I’m depressed and angry and just crushed at the whole thing.

I’m also a touch confused. They showed some data about how many people were moving around — people going to work has stayed steady since the summer, even as Toronto, Peel, and York went into lockdown (code red or grey or whatever). How there was a big spike in people visiting other residences at Christmas (to the surprise of no one). But I haven’t heard much on contact tracing and explaining what’s behind all the transmission. Are masks and handwashing and social distancing working, but some people aren’t compliant, and it’s that movement that’s the problem? Is it schools or workplaces or superspreader weddings? A little bit of everything adding up?

For most of those questions there isn’t much I can do on a personal level. I’ve tried to cut out contact with the outside world as much as possible, stretching out the time between grocery trips to two weeks or so, and our social circle is a completely closed bubble of 5 people. Wayfare has been making homemade masks since the beginning, and she did a lot of research on the best patterns and designs. They’re 3 layers, with two layers of regular (cotton?) fabric sandwiched around a layer of non-woven interface material. They have metal strips to conform to the nose (important to minimize glasses fogging and get the air moving through the material for filtering and not around the material), and straps to tie tightly around the head, which keeps it pretty well sealed all the way around the face. Though she made a few models with noses or cone shapes or whatever, I wear the basic pleated rectangle ones, so there’s no tiny holes from stitching a seam right in front of your nose. I’m sure they’re a step up from disposable surgical masks, even after a few washes. And I’m very good about wearing it whenever I’m indoors (or with another person outside — though I don’t wear one on solo walks).
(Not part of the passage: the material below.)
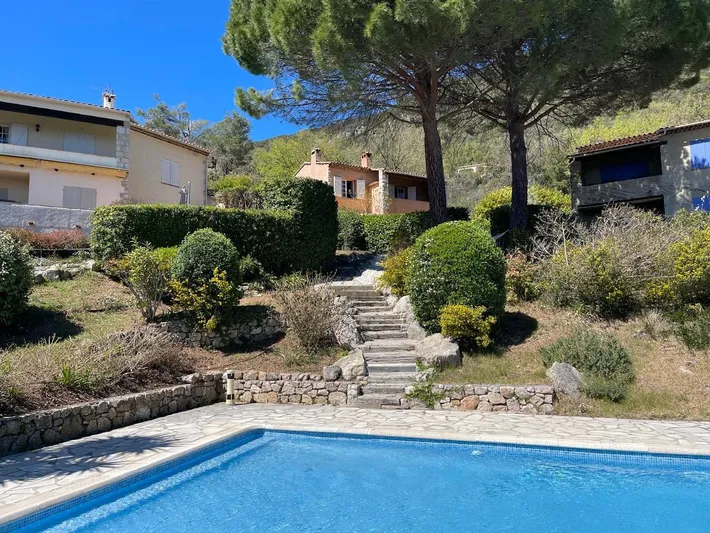 Casa de vacaciones para 6 personas, con vistas además de piscina y jardín - 1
However, are cloth masks enough, especially with the new B117 variant? Should we all (but especially should I) be wearing a N95-equivalent to go grocery shopping?
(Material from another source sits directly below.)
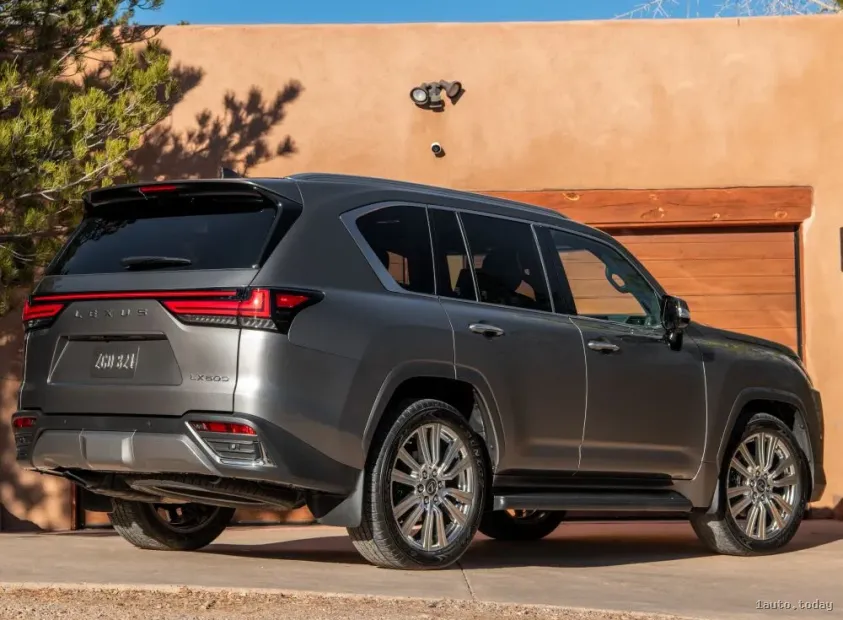 Heckleuchten des Lexus LX 2024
* – Circling back around to add: I thought the masks, distancing, etc. precautions would be good enough to get r < 1 so life could return to more-or-less normal. It doesn’t look like those were sufficient in practice (whether it’s non-compliance or whatever is a bit of a moot point as we will have non-compliance, esp. as covid fatigue sets in). We are a long, long way from Covid-zero (and we were really close in the summer!), but that may be the only strategy that lets us avoid the hammer and the dance through the fall based on the current vaccine roll-out projections.

On Lags and Exponential Growth

January 7th, 2021 by Potato

Ontario hit 89 daily Covid deaths today. We could lockdown tonight, go full Wuhan and weld peoples’ doors shut, and it wouldn’t stop us from hitting 100/day by next week — those people already have the virus, it’s just taking time for them to get sick and die. [Though I’d be happy for the universe’s constant need to prove me wrong to kick in here and save a bunch of lives as this turns out to have been the peak]
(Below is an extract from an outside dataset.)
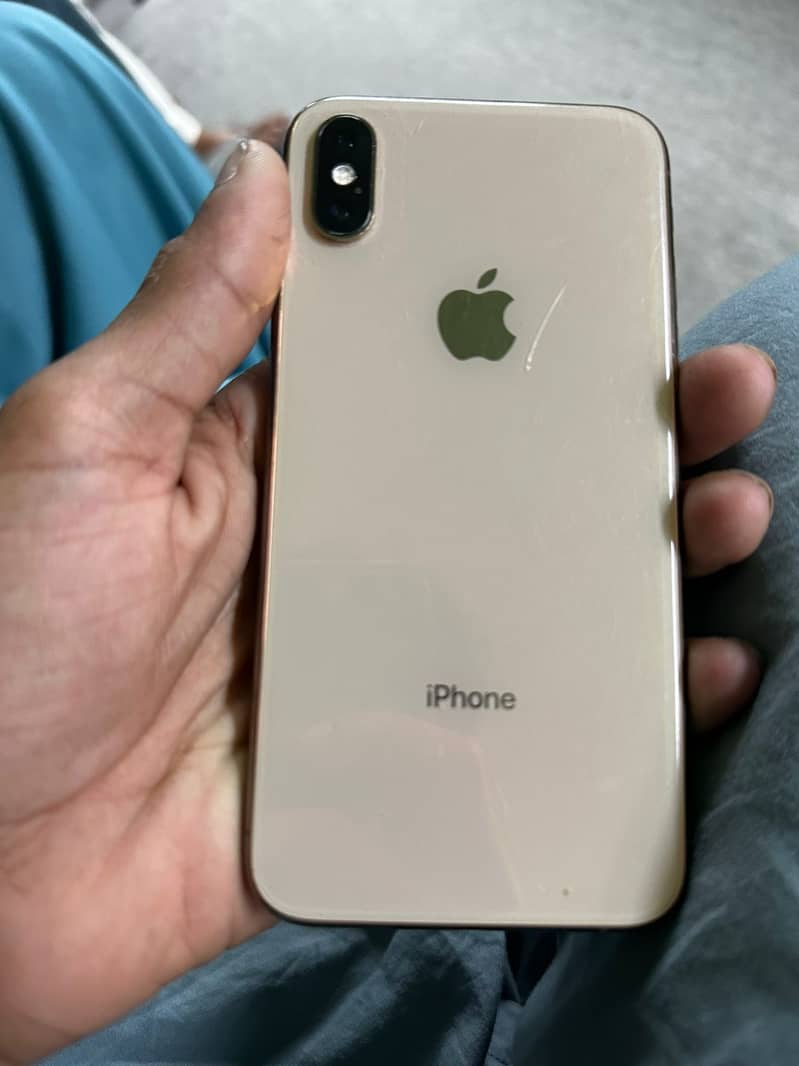 Apple iPhone XS 1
Lags make it hard to manage things, especially when that management also involves really hard decisions. It’s hard to call for a lockdown when cases are barely into triple digits. But that’s when it has to happen when you only have a few hundred spare ICU beds in the province. Ah well, back to home schooling for at least a few weeks now, though I still don’t actually know what the plan is. Is it Covid-zero?

And of course this is also why we wanted to start curbing the growth in greenhouse gas emissions in the 90s… or now, I suppose.